Print out the emails and then confront her with the choice. She ends all contact and she works on the marriage or you and kid will leave her.
_Posted via Mobile Device_


----------



## bryanp

Are you going to wait until they get together? For gosh sakes, do what Shaggy suggests and print out the emails and give them to her. If the roles were reversed do you think your wife would be worried about confronting you? No consequences to her actions equals no motivation to change. The longer you wait to confront the more deep the attachment will be between them.


----------



## Bleeding

I printed the emails out, i wanted to get advice before confronting her, tomorrow is her day off, I will confront her tomorrow. Only found this website today and been reading trying to figure out this mess.


----------



## Shaggy

Couple of points:

1. It isn't your fault, no matter what he says. She is the one who is putting another man ahead of her husband emotionally.
2. Do not negotiate. No time to meet with him and say goodbye, no just once a week, etc. NC.
3. You need to put in place ways to verify. Either get her passwords or install a keylogger. I'm a fan of the keylogger since it finds secret mail accounts.
4. Do not accept a time apart to work through il that's just her wanting to perpetuate and likely escalate the relationship to see if it wors before admitting she's done. If he can't committ immediately to the man he took vows with, then she leaves since she is no longer honoring her vow.
_Posted via Mobile Device_


----------



## Bleeding

Thanks!!! I been having a hard time getting my thoughts together and knowing which points bring up to her, I'm shocked by all this!! I intent to confront her early tomorrow morning, this is eating me inside.


----------



## Bleeding

Well she was on the phone with him so I just went ahead and confronted her, couldn't keep it inside anymore, she just started crying and how sorry she is....but does not want to give him up!!! "They love and need each other" I'm shacking and I feel I can just throw up, how could they do this to me!!!!! WTF WTF WTF.....She went to the bedroom and closed the door but I can hear her talk, I'm pretty sure with him!!! so know what????? what do I do know????


----------



## morituri

Go to a father's rights oriented divorce attorney and start formulating a divorce plan of action. Also go to *Dads divorce* and read everything you can find in the forums written by men who have already gone through divorce so you can educate yourself and prepare yourself if things don't improve and you get served with divorce papers by her.
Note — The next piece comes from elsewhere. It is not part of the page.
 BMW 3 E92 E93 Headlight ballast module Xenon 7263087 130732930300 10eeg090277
Remember, a good offense is the best defense.


----------



## calif_hope

Bleeding said:


> Well she was on the phone with him so I just went ahead and confronted her, couldn't keep it inside anymore, she just started crying and how sorry she is....but does not want to give him up!!! "They love and need each other" I'm shacking and I feel I can just throw up, how could they do this to me!!!!! WTF WTF WTF.....She went to the bedroom and closed the door but I can hear her talk, I'm pretty sure with him!!! so know what????? what do I do know????
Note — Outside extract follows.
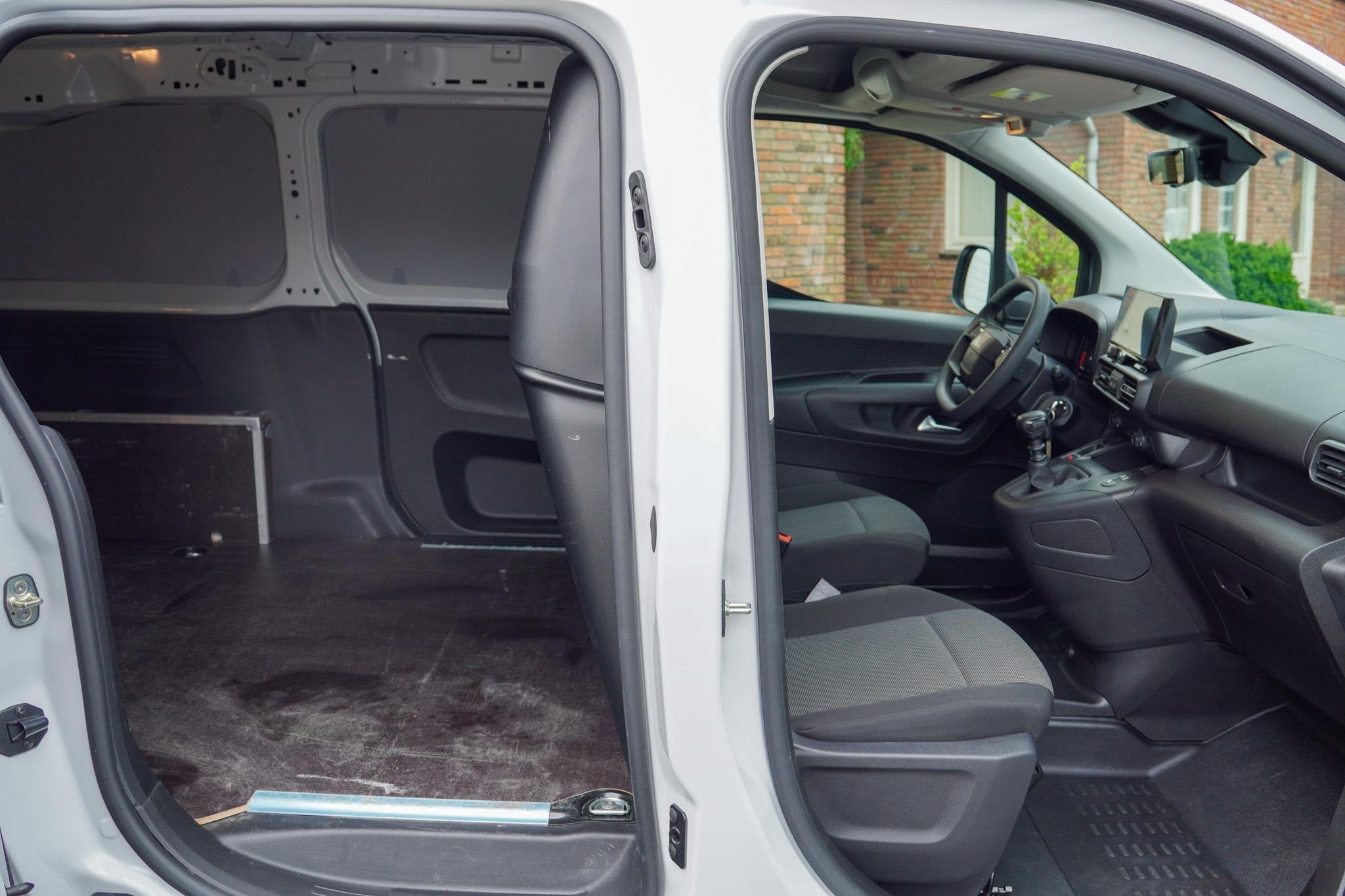 Fiat Doblò 1.5 BlueHDi 130pk S&S L2 AppleCarplay/Android au, Auto's, Voorwielaandrijving, Stof, Gebruikt, Euro 6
Be strong.....you cannot tolerate 3 people in your marriage. You can only accept she goes immediate no-contact, breaks it marriage over. Don't go soft, no middle ground. She wants the marriage or does not, if she hesitates ask her to leave the house and infirm her your seeing an attorney.
_Posted via Mobile Device_


----------



## Bleeding

thanks guys. I will start looking for a lawyer tomorrow so I can discuss my options, I really don't want to get a divorce I want to work this **** out, I want my family together. We both own the house 50/50 legally I can't ask her to leave, what a ****ing mess I'm in... should I confront him???? after all he was such a ****ing friend????


----------



## calif_hope

Confront him, expose to her and his family, move her a$$ to the couch, get control of the finances. Does she work? Read up on the 180 approach - conversations only about kids and the affair - no small talk - don't give or show affection to her.
_Posted via Mobile Device_


----------



## Bleeding

calif_hope said:


> Confront him, expose to her and his family, move her a$$ to the couch, get control of the finances. Does she work? Read up on the 180 approach - conversations only about kids and the affair - no small talk - don't give or show affection to her.
> _Posted via Mobile Device_


I'm going to, can't wait for the BS I will hear!!! His father is a reverend and he comes from a very religious family although he no longer believes in God. Yes she works. I gonna look for the 180 and read it up. Never thought I would go through something like this!!!


----------



## warlock07

Don't even think about forgiving her and saving the marriage before she cuts contact with the other guy and commits to the marriage. Don't try to fix it before she acknowledges what happened.


----------



## calif_hope

SurvivingInfidelity.com - Support for those affected by Infidelity
_Posted via Mobile Device_


----------



## jnj express

You may want your mge., but right now your mge. is comprised of you, him, and your wife---You do not wnat to be part of a 3some.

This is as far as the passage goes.